Looking ahead to the general election campaign, Sen. John McCain of Arizona vowed Monday to mount a serious and determined effort to win California, the nation's largest state that has been a safely "blue," or Democratic state, in presidential elections for the last 20 years.
"I just want to compete in California and I understand the drawbacks, the cost of media, all of those aspects of it," McCain said aboard his Straight Talk Express bus after a town hall-style event in Waco, Texas. "I think as a Western senator, I understand their issues. I think environmental issues are very important in California. I think I can appeal to the Hispanic voter. I think I can appeal to the Asian voter. I think I can appeal to the independent voter, which is a larger and larger percent of registered voters.

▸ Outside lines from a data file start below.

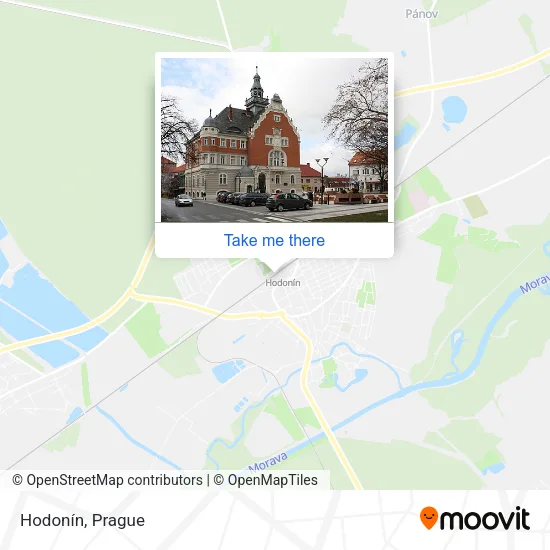 Карта Hodonín
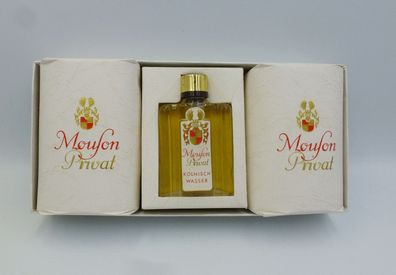 Mouson Privat Kölnisch Wasser Set - Eau de Cologne + 2 x Seife (Vintage)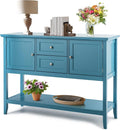 Grey Wooden Buffet Sideboard with Storage Shelf, 2 Drawers & 2 Cabinets Q428946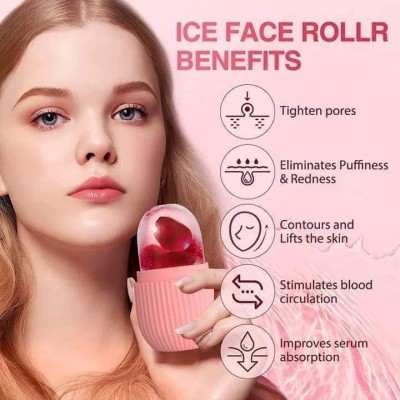 Ice Roller For Face, Beauty Facial Massage Ice Roller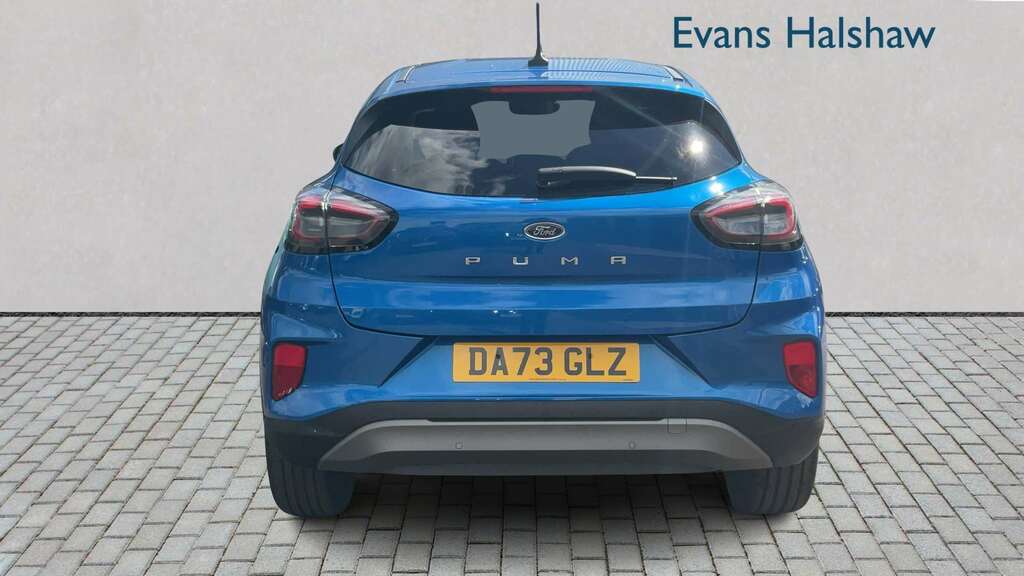 Ford Puma 1.0 Ecoboost Hybrid Mhev Titanium 2023 DA73GLZ Blue #4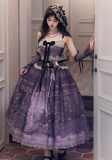 Romantic Rose- Elegent Tea Party Princess Classic Lolita JSK and Overskirt Set, Corset and Blouse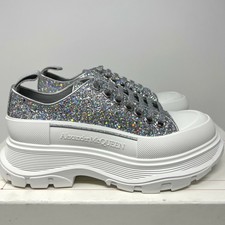 silver sparkly alexander mcqueen's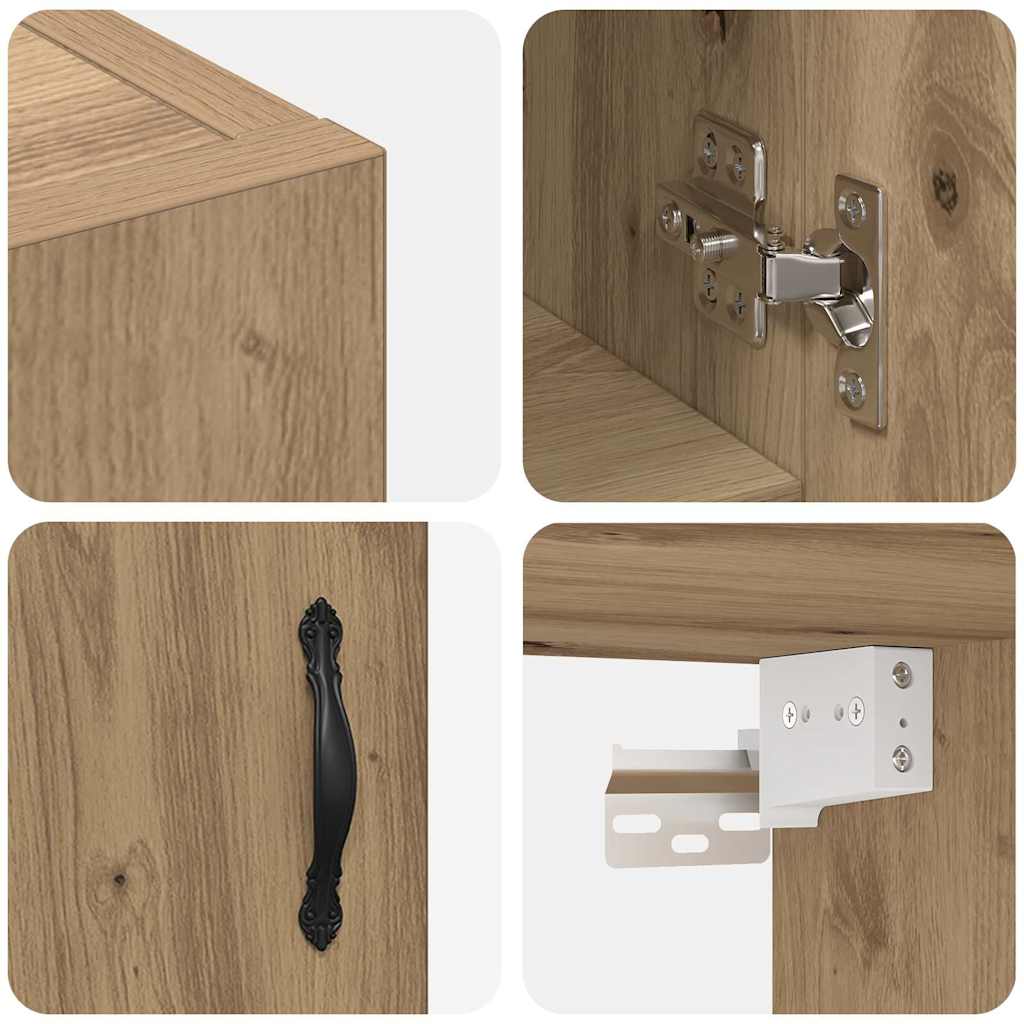 Wandschrank Artisan-Eiche 60 x 31 x 60 cm Holzwerkstoff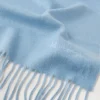 Cashmere Scarf Poplin Blue Cashmere Wool Women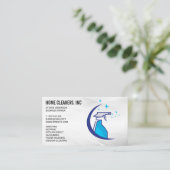 クリーニングサービス | メイドサービス | スプレーボトル 名刺 (スタンド正面)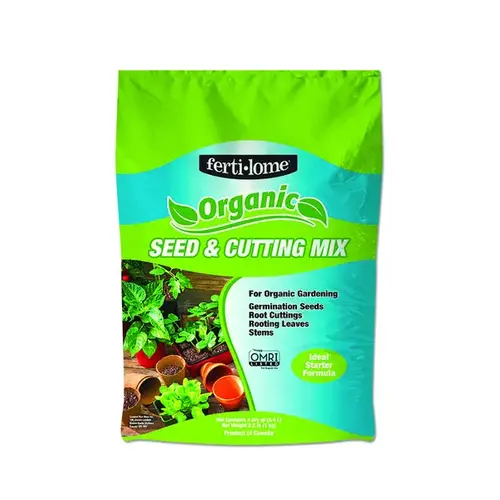 LAMBERT PEAT MOSS INC 09798-XCP12 Fertilome Organic Seed & Cutting Mix - 4 dry quarts - pack of 12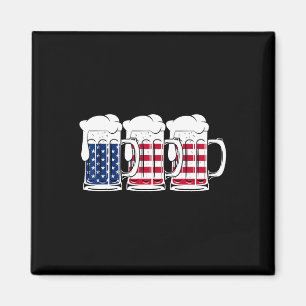 Imã Beer U.A Flag Merica Bebendo American Men 4
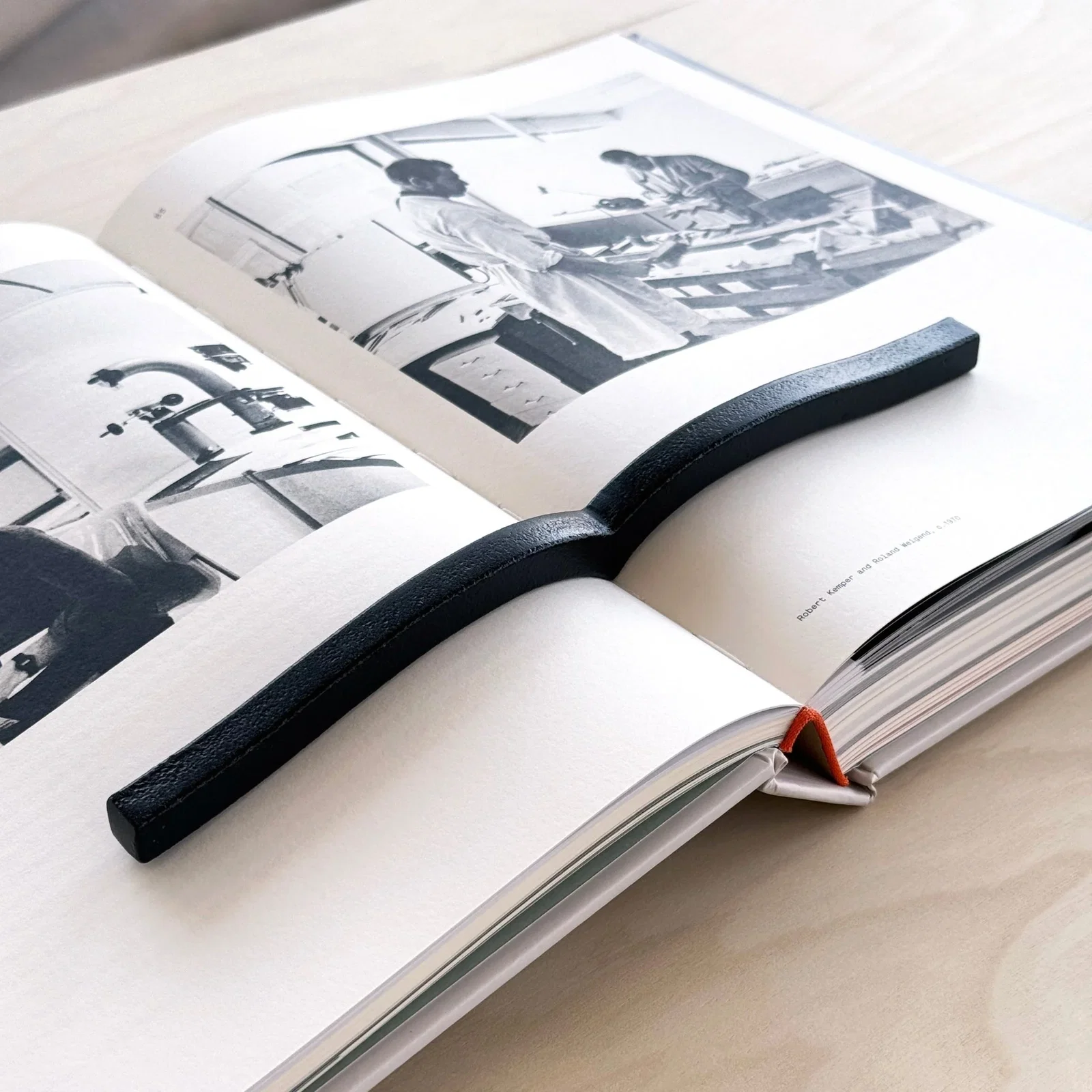 Image of Japanese Cast Iron Book Weight: Black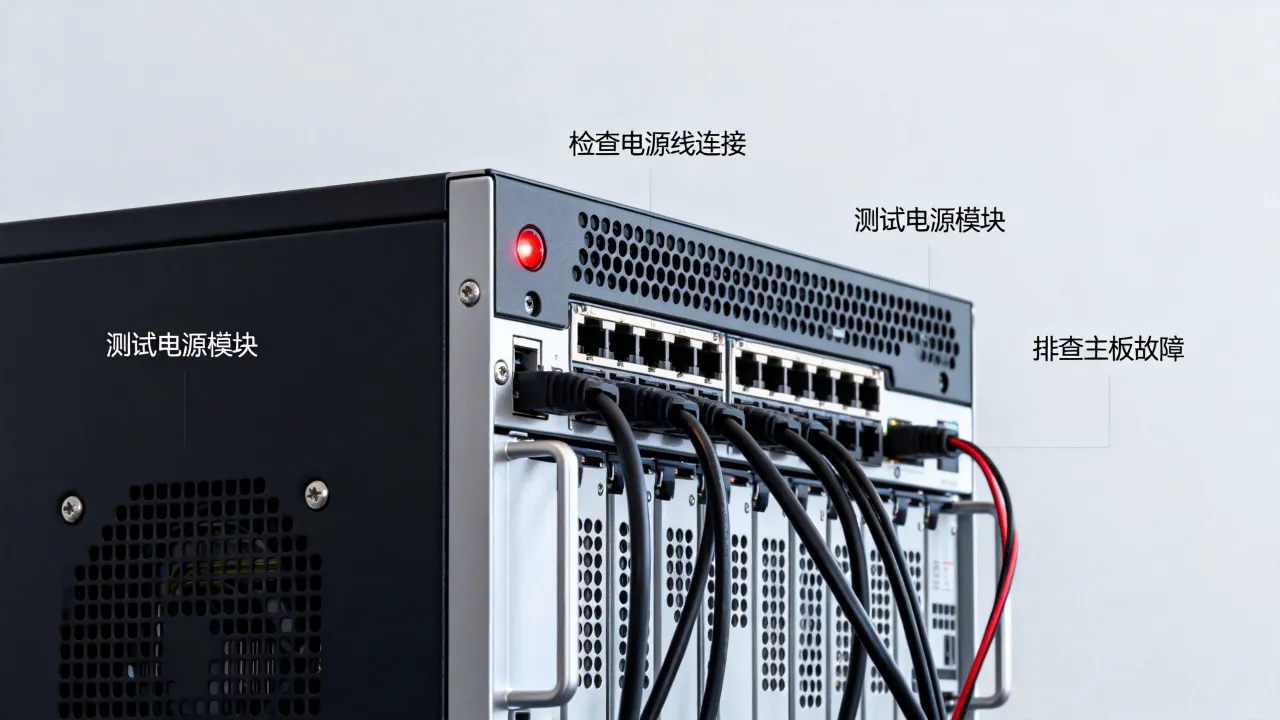 电脑服务器为什么不亮，服务器电源灯不亮无法启动怎么办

I don't think as a candidate that I want to say we're not going to compete in the largest state in America, which is right next door to my home state of Arizona."
California has 55 electoral votes, far more than any other state. It has not gone Republican in a presidential election since George H.W. Bush defeated Michael Dukakis in the Golden State in 1988.
California has two Democratic senators, Dianne Feinstein and Barbara Boxer, but a Republican governor, Arnold Schwarzenegger, who was re-elected in 2006. Schwarzenegger has endorsed McCain.
McCain outlined his intention to run hard in California while discussing his plan to expand his electoral state strategy beyond that of George W. Bush's when he won in 2000 and 2004.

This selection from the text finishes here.